* [Brief]:
Transcribe exactly, and without pictures, the lines from the one that contains "Good Luck Promoting Bracelet | Brahmatells" through the last line of the material.

:: Stored data ::

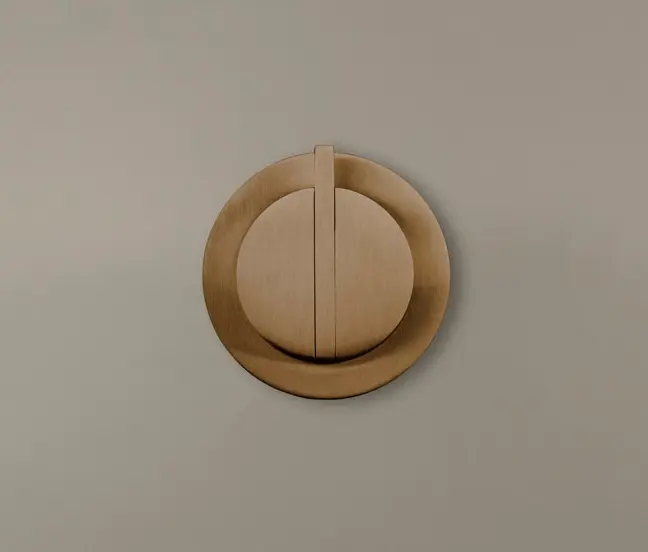 COCOON - PB 01DIV EXT | Wall mounted 2-way diverter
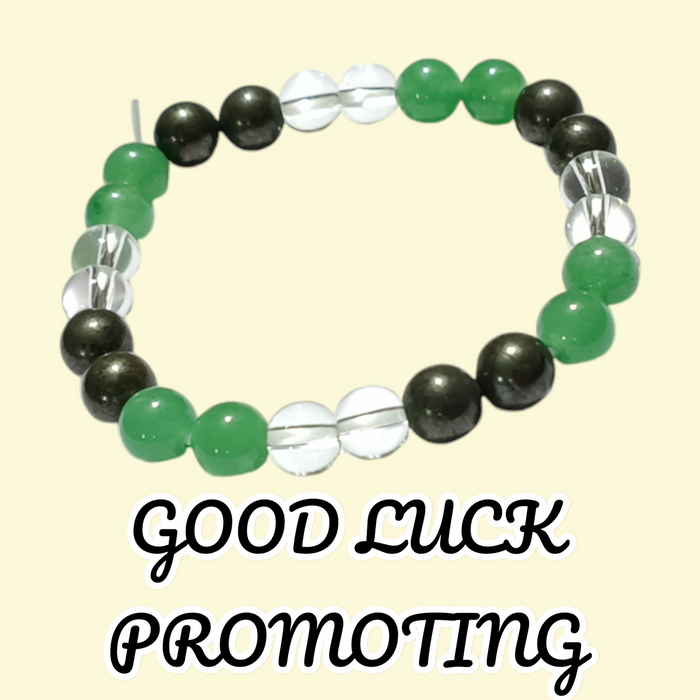 Good Luck Promoting Bracelet | Brahmatells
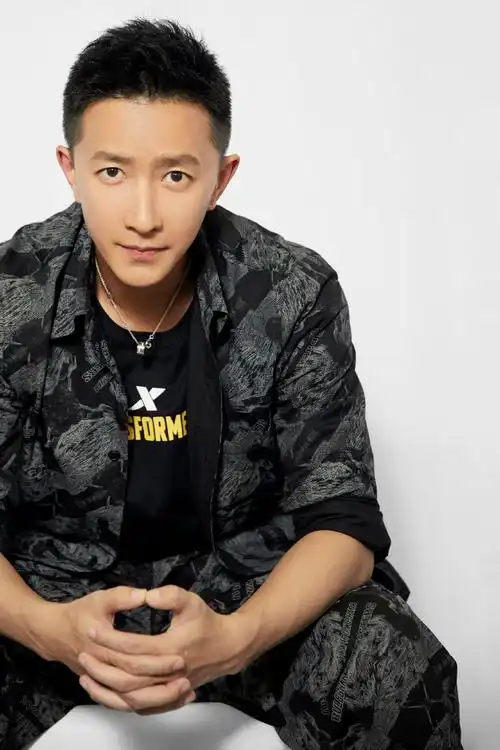 韩庚这就是街舞2发布会图片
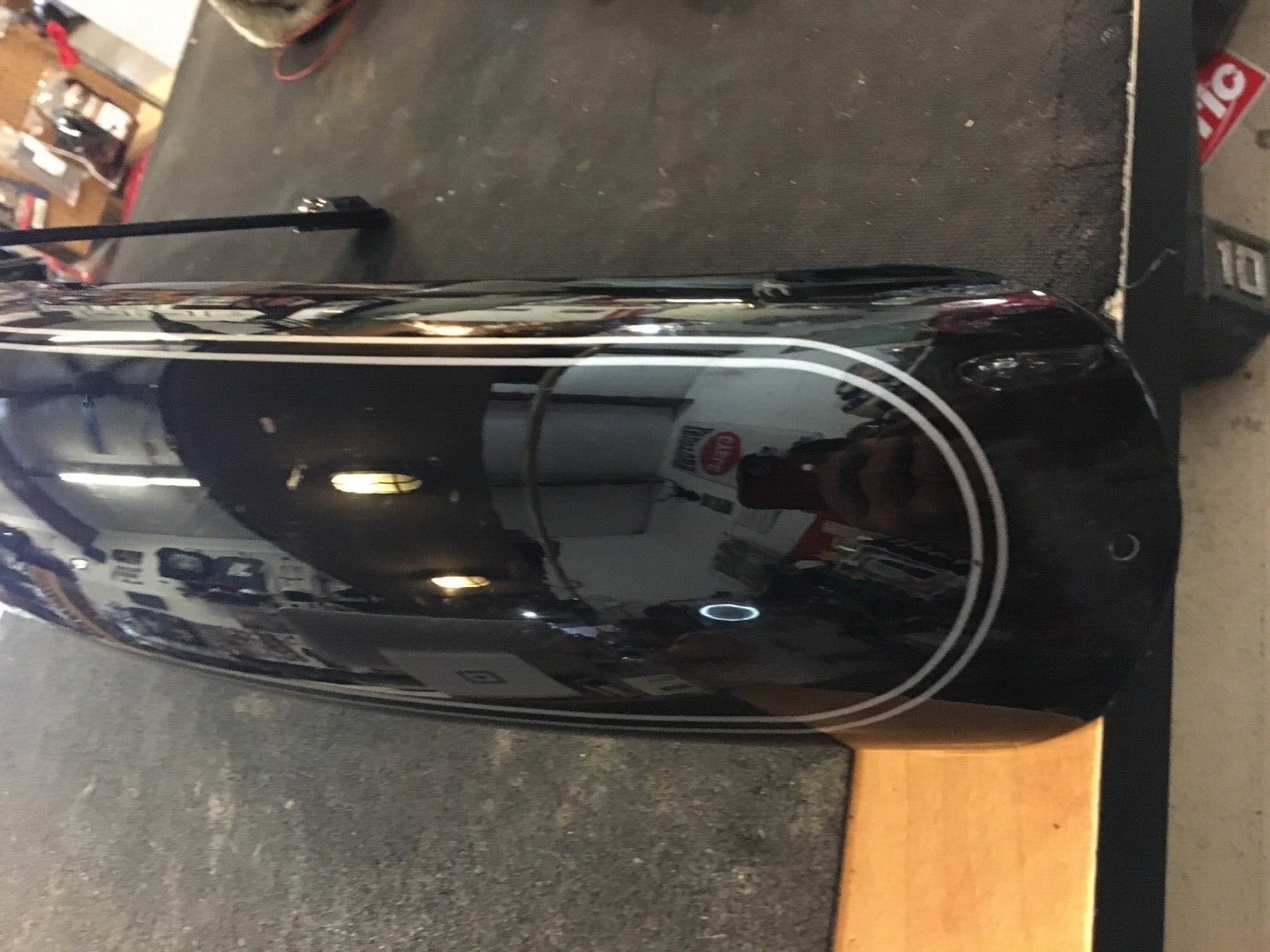 Harley Davidson OEM Front Fender #59924-04BHY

:::

* [Output for this exercise]:
 Good Luck Promoting Bracelet | Brahmatells
 韩庚这就是街舞2发布会图片
 Harley Davidson OEM Front Fender #59924-04BHY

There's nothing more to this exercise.